Mick Schumacher commenta duramente l’incidente avuto con Mazepin a Baku. Ha affermato che, in caso di situazioni simili, spera vengano prese decisioni più forti nei confronti del russo.

Schumacher Mazepin Baku
foto: motorbox.com

Mazepin fa infuriare anche il suo compagno: Schumacher commenta duramente ciò che ha fatto il russo a Baku, dicendo che, in futuro, dovrebbero esserci pene più pesanti.

Ma cos’è successo esattamente nel GP di Baku? Schumacher ha superato il compagno di squadra per il 13° posto. Mentre la coppia si avvicinava al traguardo, Mazepin ha sterzato toccando la monoposto del tedesco. “Nikita si è scusato in seguito alle discussioni con il team principal Guenther Steiner e l’ingegnere capo Ayao Komatsu“, ha spiegato Schumacher. “C’è stato un incontro subito dopo la fine della gara tra Guenther, Ayao e Nikita. Ovviamente hanno parlato dell’incidente. Dopo mi hanno chiamato e ne abbiamo parlato tutti insieme. Dopo aver visto il video, si è scusato per questo.

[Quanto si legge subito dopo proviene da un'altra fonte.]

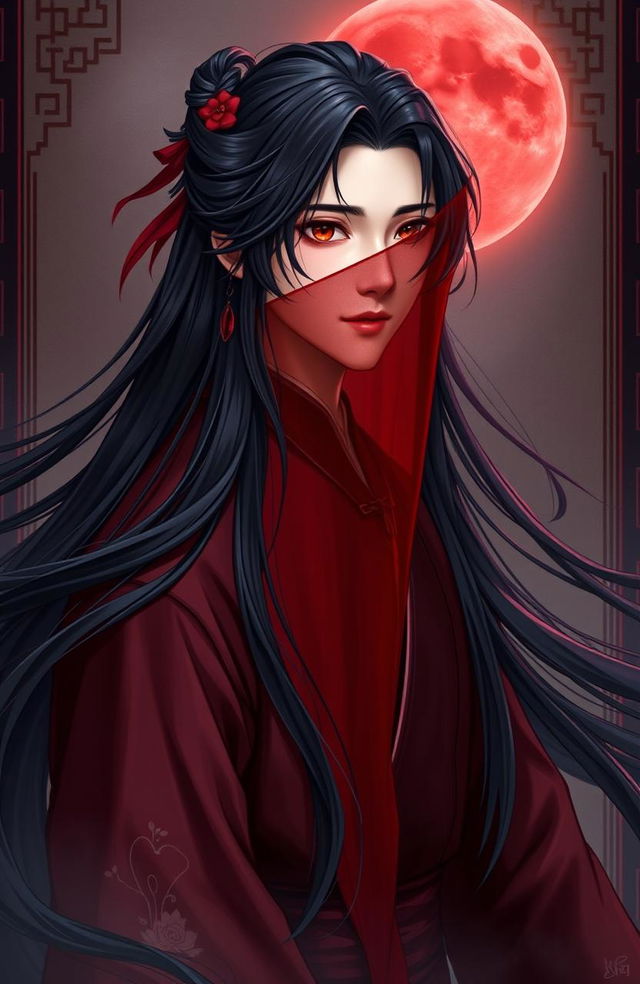 An ethereal image of Xiao Zhan, characterized by long flowing black hair cascading elegantly around him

Quindi ovviamente in quel senso abbiamo chiarito e dopo non ci ho più pensato”.

Ha ammesso che non si aspettava che il suo compagno di squadra cercasse di spaventarlo e spingerlo a ritirarsi dopo un sorpasso. “Quel momento è stato piuttosto confuso, in un certo senso, perché non me lo aspettavo proprio, soprattutto tra compagni di squadra. Ovviamente capisco che è l’ultimo giro, vuoi lottare. L’unico modo per fermare qualcuno è spaventarlo o spingerlo contro il muro. E ovviamente ha provato a farlo. Come ho detto, è stato inaspettato da parte mia ed è per questo che ho avuto una reazione così forte in seguito. Ma come ho detto e come ha anche detto il team, il tutto è stato chiarito e siamo felici di ricominciare da capo.”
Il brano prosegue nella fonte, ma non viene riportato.